** Activity **
Below are the records; copy each line in which "Звоните" occurs.

** Provided information **
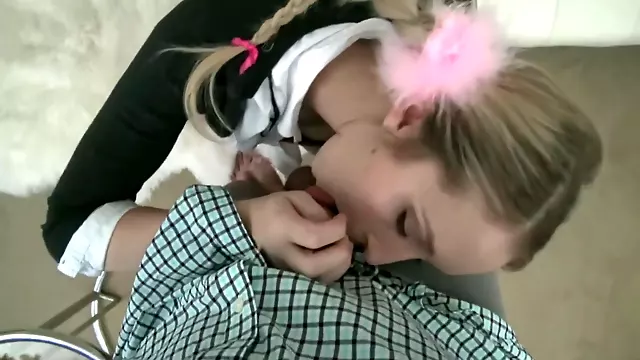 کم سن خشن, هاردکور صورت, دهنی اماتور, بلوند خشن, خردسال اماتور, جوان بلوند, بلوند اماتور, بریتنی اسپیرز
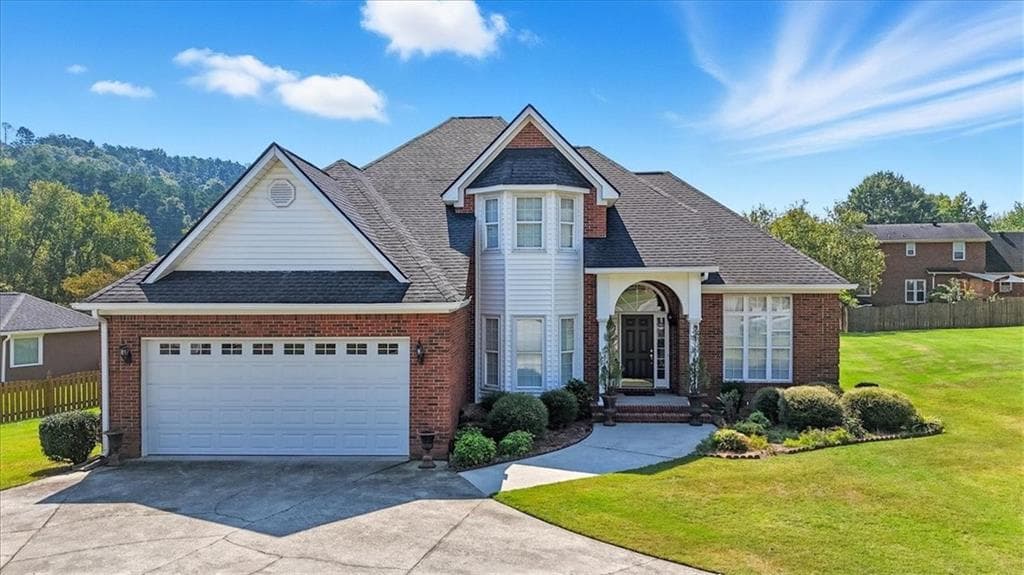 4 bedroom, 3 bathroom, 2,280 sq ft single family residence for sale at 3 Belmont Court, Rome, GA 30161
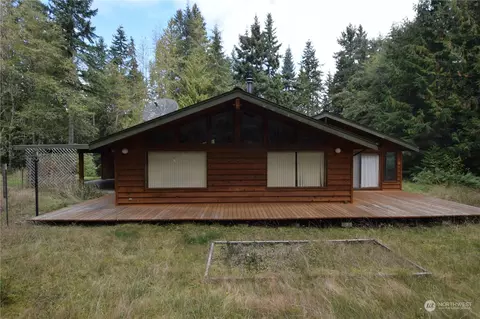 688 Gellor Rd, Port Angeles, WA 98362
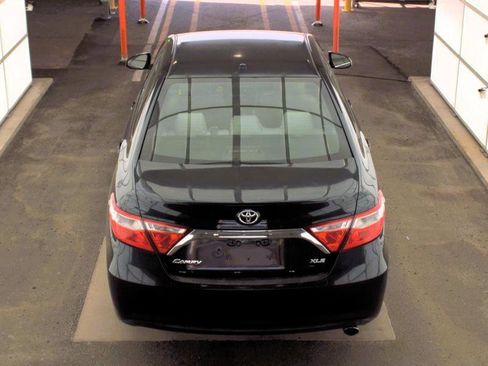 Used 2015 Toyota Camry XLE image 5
* * *
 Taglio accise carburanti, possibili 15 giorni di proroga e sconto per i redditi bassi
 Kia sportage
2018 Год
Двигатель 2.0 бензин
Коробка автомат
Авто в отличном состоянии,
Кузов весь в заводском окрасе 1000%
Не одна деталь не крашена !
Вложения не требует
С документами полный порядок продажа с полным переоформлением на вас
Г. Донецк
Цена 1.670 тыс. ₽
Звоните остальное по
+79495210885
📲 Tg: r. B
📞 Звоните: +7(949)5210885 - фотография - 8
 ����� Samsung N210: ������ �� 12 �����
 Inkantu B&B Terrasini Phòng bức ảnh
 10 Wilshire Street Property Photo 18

** Written reply **
Звоните остальное по
📞 Звоните: +7(949)5210885 - фотография - 8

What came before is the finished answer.